Heading back to my roots this week and offering up some reviews of great graphic novels for Teen Read Week. I might be a week late, but the celebration never ends!
Title: The Underwater Welder
Author(s): Jeff Lemire
Publisher: Top Shelf (2012)
Age Rating: 18+ (13+ if you can look past a few words)
Early this school year, by a stroke of luck, I bought a large amount of graphic novels for $90.00. It was a great deal! One of the books in the lot was a Lemire book that I had been wanting to buy: The Underwater Welder.
Having finished grading all of my seniors’ first major assessments, I decided to give a bit of my time back to reading and reviewing a few books that have been on my list. The Underwater Welder got out first.
An emotional journey into loss and monotony, The Underground Welder is wonderful in the way that most art that takes us to places that make us slightly uncomfortable can be.
The story follows an underwater welder that works on an oilrig off the coast of Nova Scotia; the welder’s name is Jack Joseph. Jack has a wife and a little on the way, but Jack spends most of his time, burying his emotions in his work, in a diving suit, surrounded by his tools and the weight of literal tons of water on his shoulders.

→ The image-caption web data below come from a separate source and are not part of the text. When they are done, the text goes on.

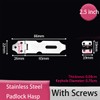 Stainless Steel Padlock Hasp 2 Inch Door Latch Padlock Security
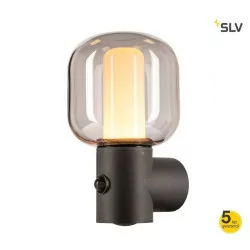 SLV OVALISK sensor 1004679 outdoor wall light IP65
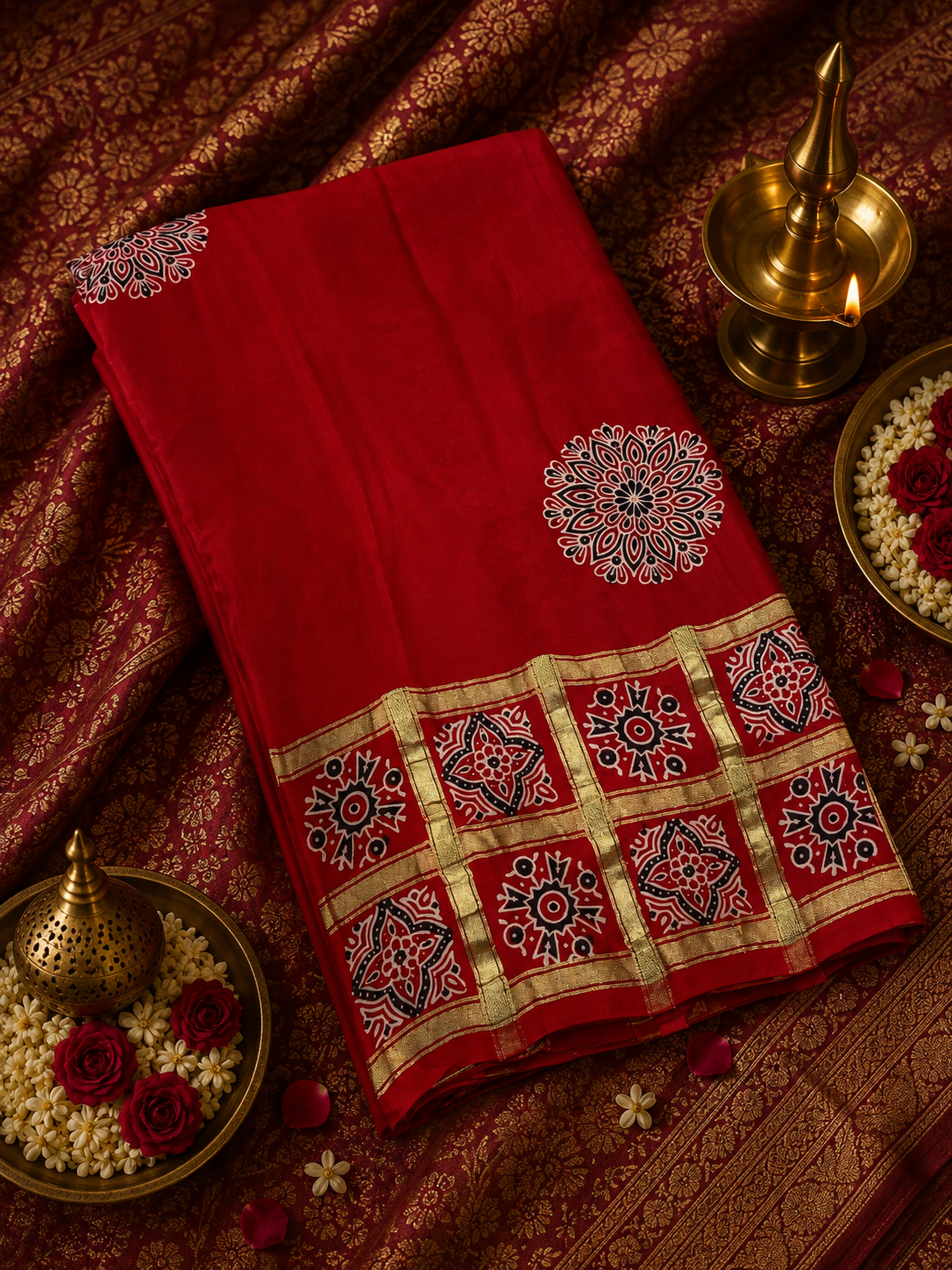Premium Gajji Modal Silk Saree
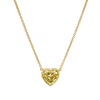 Heart Shape Yellow Diamond Pendant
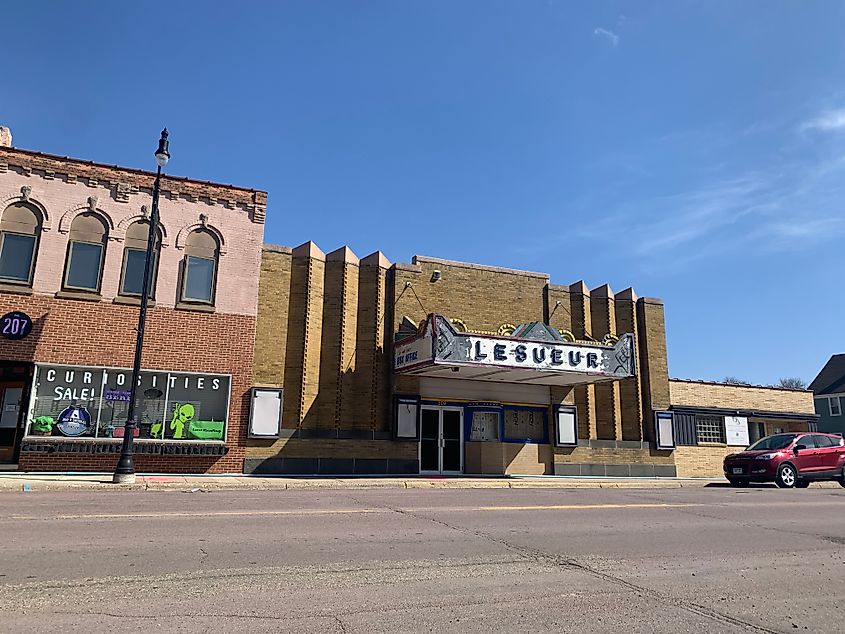 Le Sueur Theater. 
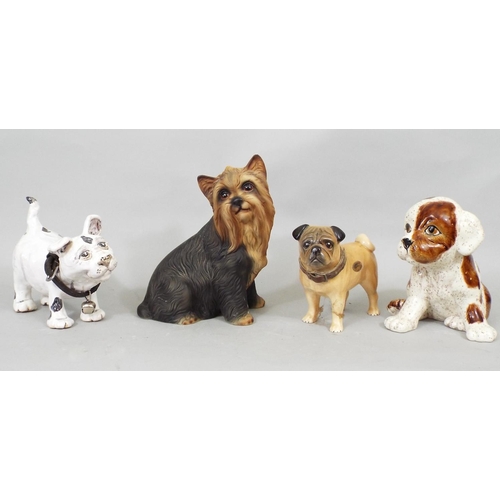 66 - A Sylvac model of a Bulldog, further ceramic figures to include a Scots Terrier, etc (7)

The book flashes about in time, as Jack explores his past, trying to piece together a puzzle in order to help him unwind the mystery of his father’s disappearance, when Jack was a young boy, in the same waters he dives while welding…which makes it feel like Jack is literally attempting to assemble a past that he cannot let go.
The art is honest, black & white Lemire with a large panel/page layout that makes the ingestion of this book as easy as falling into the water that covers many of the splash pages (pun intended). It is no secret that I am a fan of Lemire’s work. His pacing and layouts are similar to Christophe Chaboute, and those two guys get pacing about as good as anyone in the industry.
I will read Lemire if he comic-scripts the phone book. A literary comics artist with a flair for the surreal, Jeff Lemire is cannon, and he should be included in any serious comics classroom. Our memories and emotions bend and blur as we age, and Lemire captures that feeling with images like no other. When we discuss why we should teach with comics, we should discuss books like The Underwater Welder. Authors can create these feelings with words, however, to invoke this sort of personal reflection with images is a talent and skill that should be analyzed and discovered.
Besides the inclusion of a few four-letter-words, this book is PG-13: no nudity, no major violence. So unless you have a major aversion to the f-word, keep this one on your classroom shelf.
Mr. Lemire, if you are reading this…thank you. Your work inspires and shapes generations of readers and creators. I’d love to bend your ear on storytelling over a meal or coffee someday!